■ **What this task involves**
Give the entries again exactly, without pictures.

(Image-text web data)
----

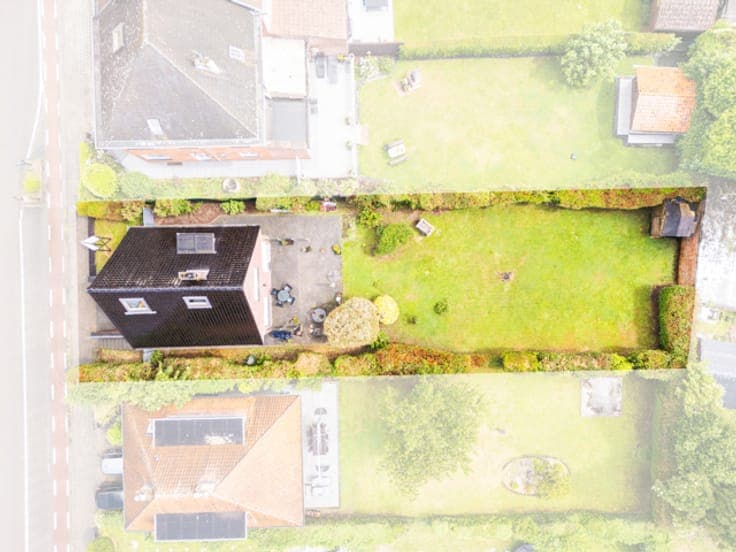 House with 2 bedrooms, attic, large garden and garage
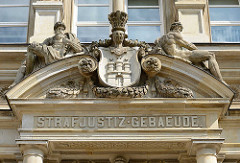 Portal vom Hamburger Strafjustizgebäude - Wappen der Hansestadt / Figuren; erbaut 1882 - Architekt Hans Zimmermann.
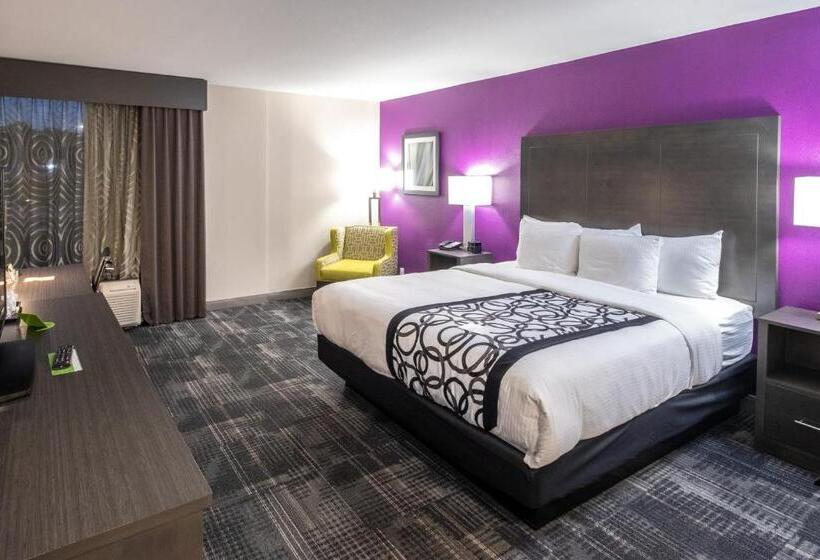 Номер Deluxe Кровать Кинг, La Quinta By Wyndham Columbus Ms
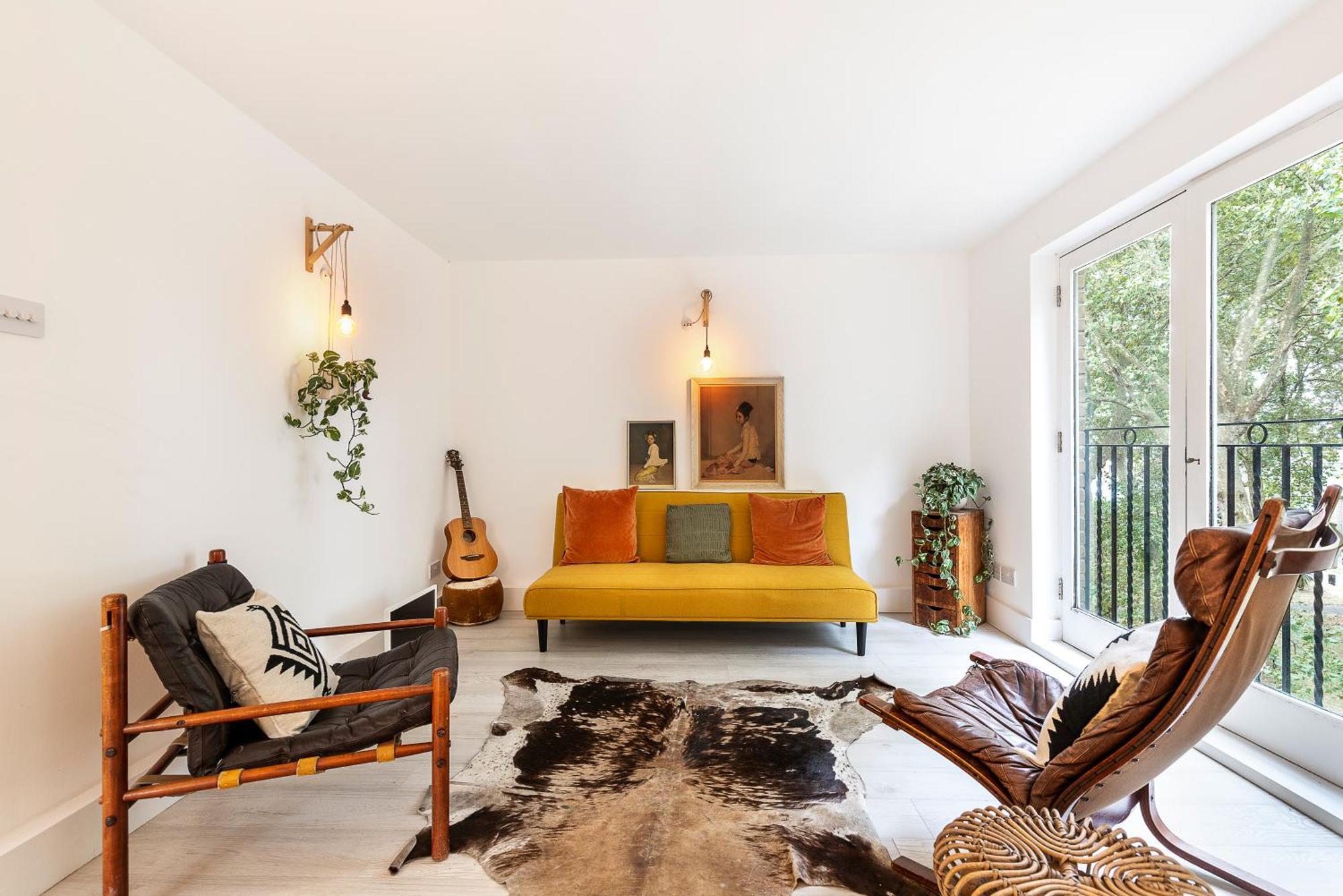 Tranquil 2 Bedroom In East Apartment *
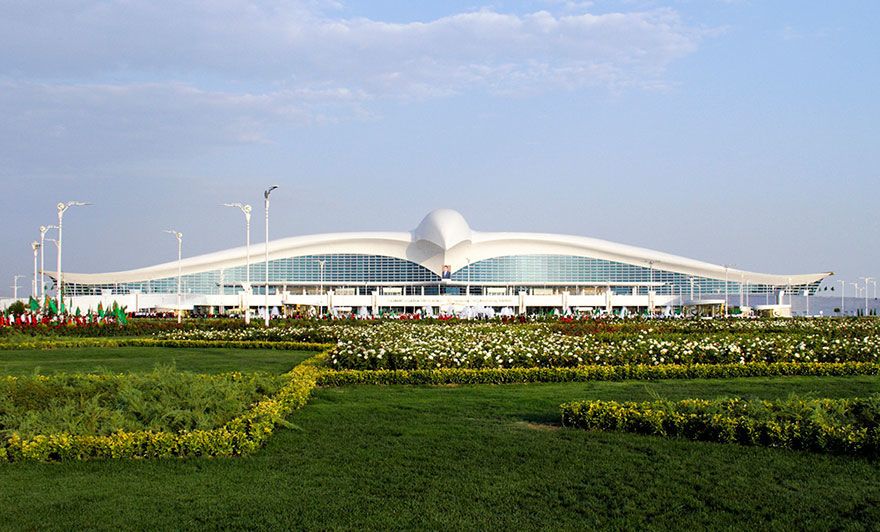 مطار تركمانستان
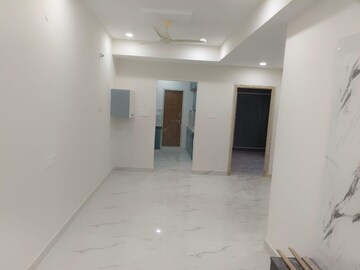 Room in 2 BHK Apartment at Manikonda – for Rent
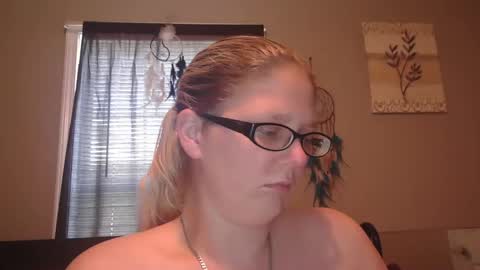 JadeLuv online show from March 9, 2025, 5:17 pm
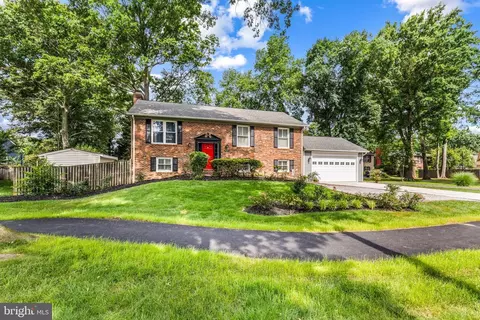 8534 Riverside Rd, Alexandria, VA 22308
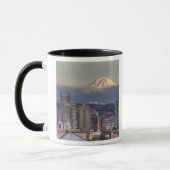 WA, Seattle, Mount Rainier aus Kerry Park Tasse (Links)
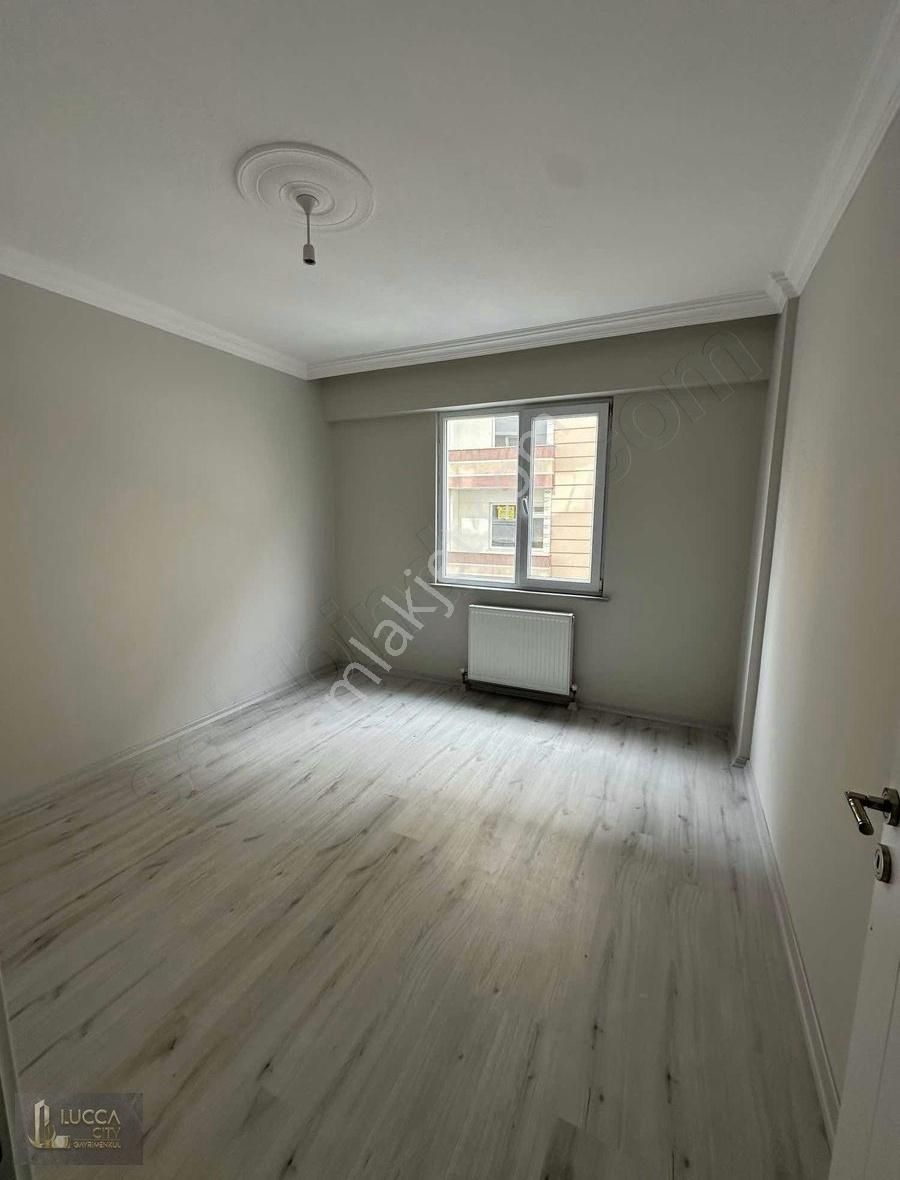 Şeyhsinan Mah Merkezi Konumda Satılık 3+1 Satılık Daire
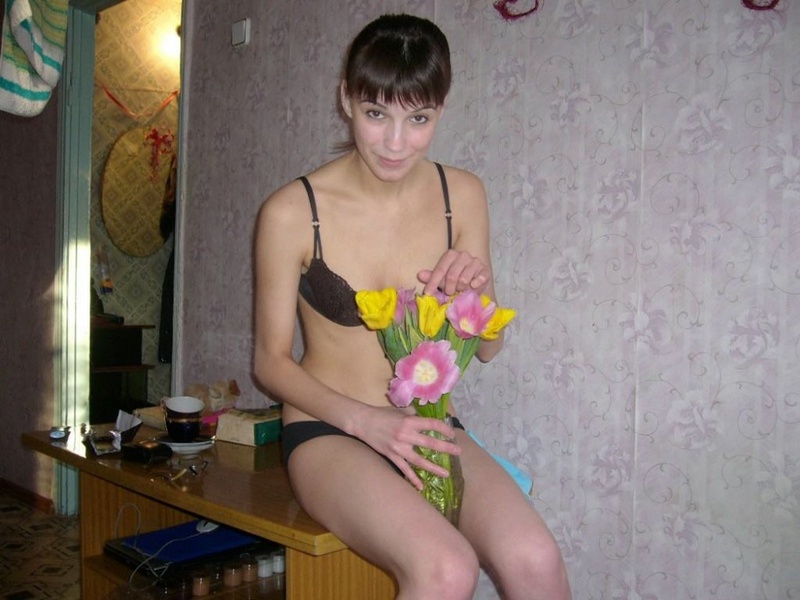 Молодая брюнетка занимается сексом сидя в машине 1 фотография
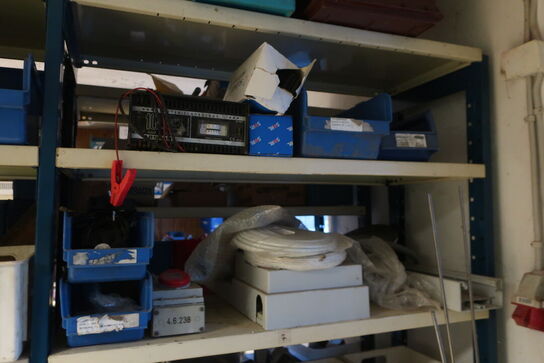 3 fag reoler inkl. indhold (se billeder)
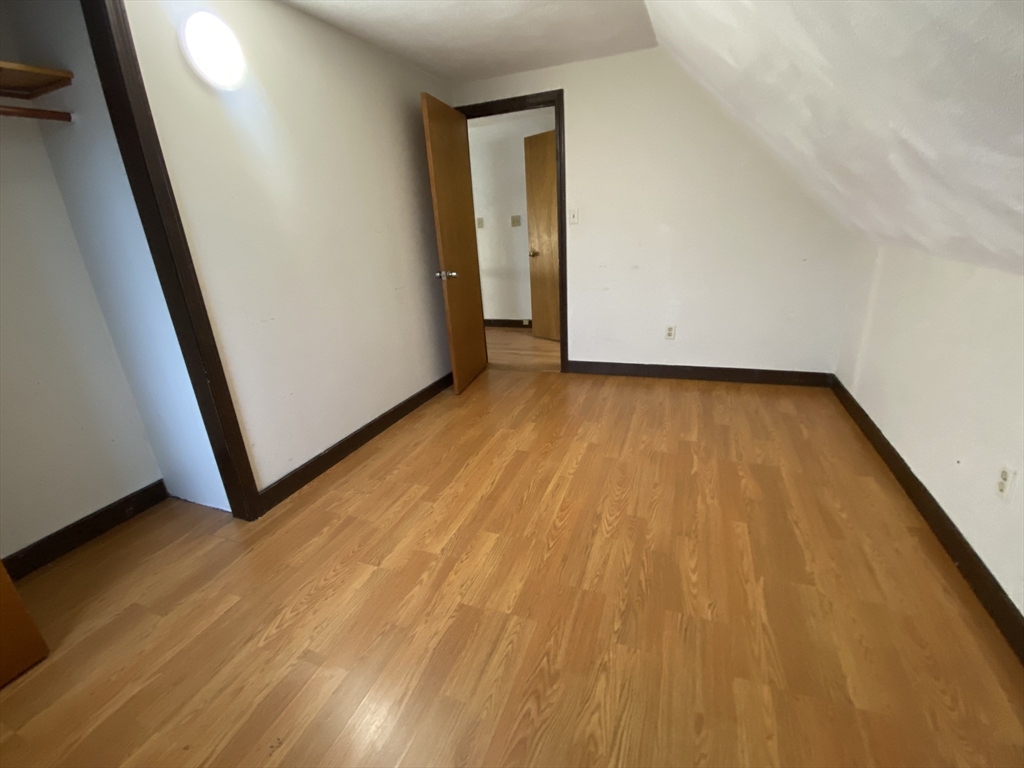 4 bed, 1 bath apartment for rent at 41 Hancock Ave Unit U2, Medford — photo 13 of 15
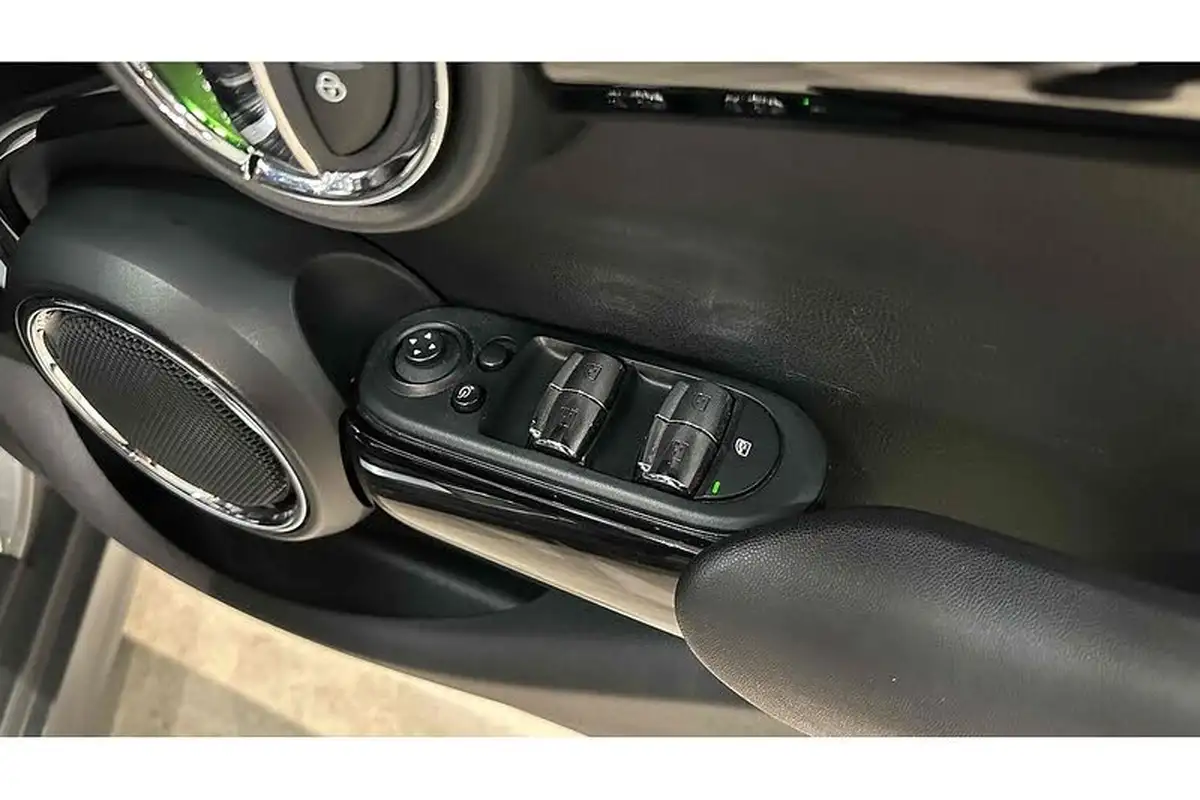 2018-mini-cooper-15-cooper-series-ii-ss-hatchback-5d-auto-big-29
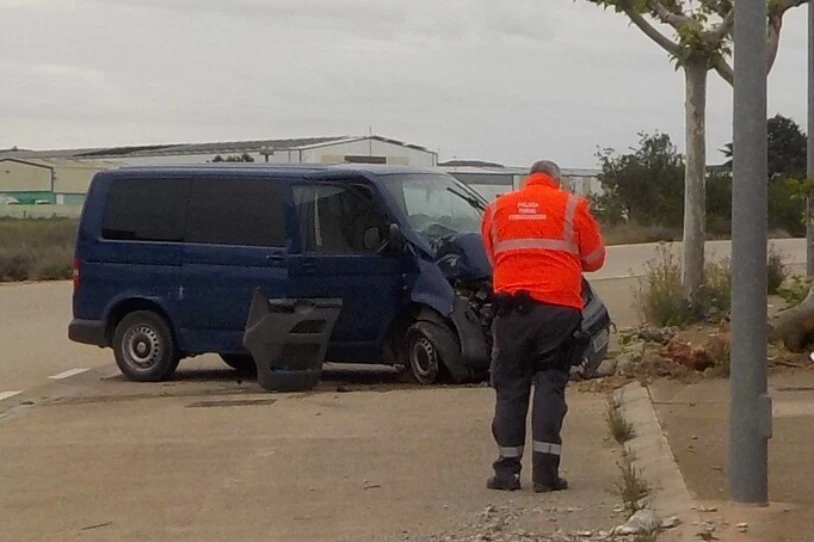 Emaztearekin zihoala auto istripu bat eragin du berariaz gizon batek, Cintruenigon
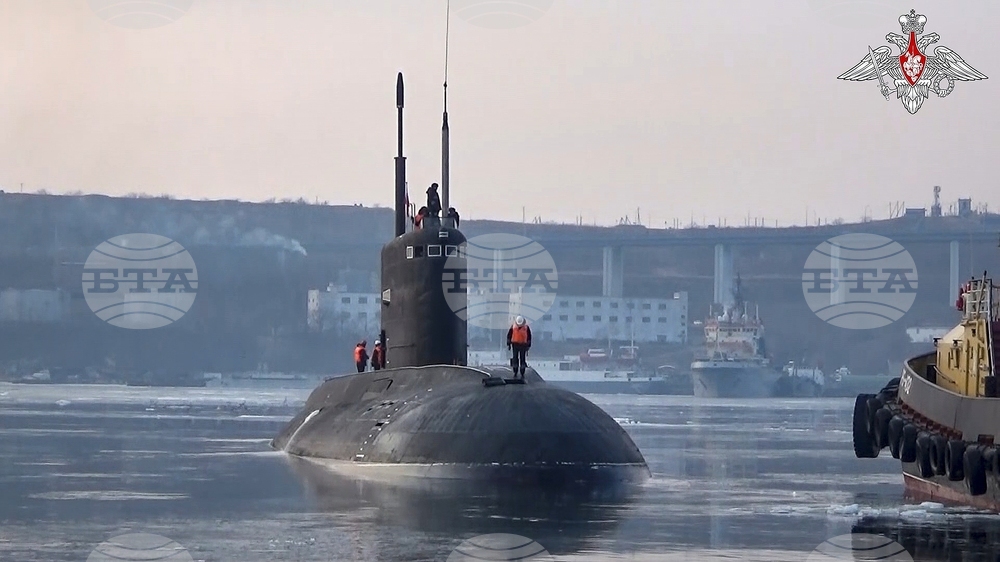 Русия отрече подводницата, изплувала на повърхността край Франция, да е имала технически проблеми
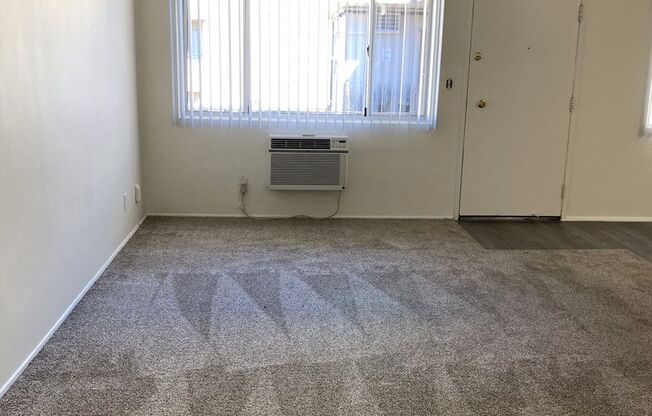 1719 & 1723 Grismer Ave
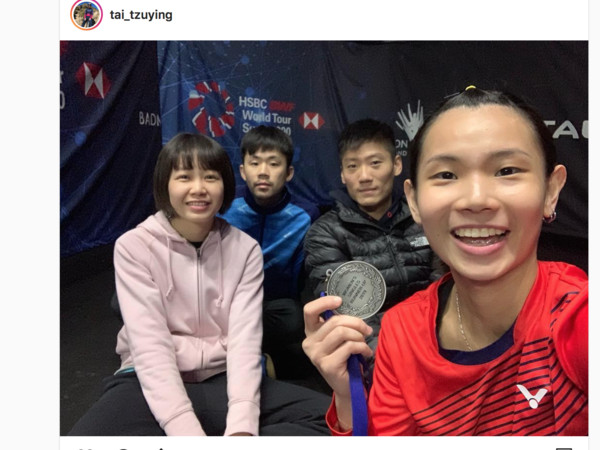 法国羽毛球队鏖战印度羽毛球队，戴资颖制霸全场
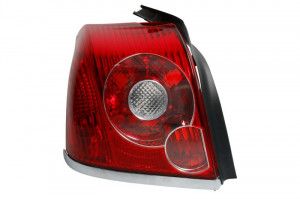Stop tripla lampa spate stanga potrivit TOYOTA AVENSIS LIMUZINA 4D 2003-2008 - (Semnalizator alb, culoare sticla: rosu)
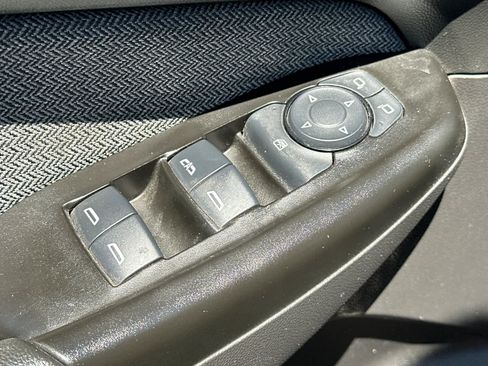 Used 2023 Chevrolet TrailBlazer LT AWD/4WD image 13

----

■ **Response**
 House with 2 bedrooms, attic, large garden and garage
 Portal vom Hamburger Strafjustizgebäude - Wappen der Hansestadt / Figuren; erbaut 1882 - Architekt Hans Zimmermann.
 Номер Deluxe Кровать Кинг, La Quinta By Wyndham Columbus Ms
 Tranquil 2 Bedroom In East Apartment *
 مطار تركمانستان
 Room in 2 BHK Apartment at Manikonda – for Rent
 JadeLuv online show from March 9, 2025, 5:17 pm
 8534 Riverside Rd, Alexandria, VA 22308
 WA, Seattle, Mount Rainier aus Kerry Park Tasse (Links)
 Şeyhsinan Mah Merkezi Konumda Satılık 3+1 Satılık Daire
 Молодая брюнетка занимается сексом сидя в машине 1 фотография
 3 fag reoler inkl. indhold (se billeder)
 4 bed, 1 bath apartment for rent at 41 Hancock Ave Unit U2, Medford — photo 13 of 15
 2018-mini-cooper-15-cooper-series-ii-ss-hatchback-5d-auto-big-29
 Emaztearekin zihoala auto istripu bat eragin du berariaz gizon batek, Cintruenigon
 Русия отрече подводницата, изплувала на повърхността край Франция, да е имала технически проблеми
 1719 & 1723 Grismer Ave
 法国羽毛球队鏖战印度羽毛球队，戴资颖制霸全场
Stop tripla lampa spate stanga potrivit TOYOTA AVENSIS LIMUZINA 4D 2003-2008 - (Semnalizator alb, culoare sticla: rosu)
 Used 2023 Chevrolet TrailBlazer LT AWD/4WD image 13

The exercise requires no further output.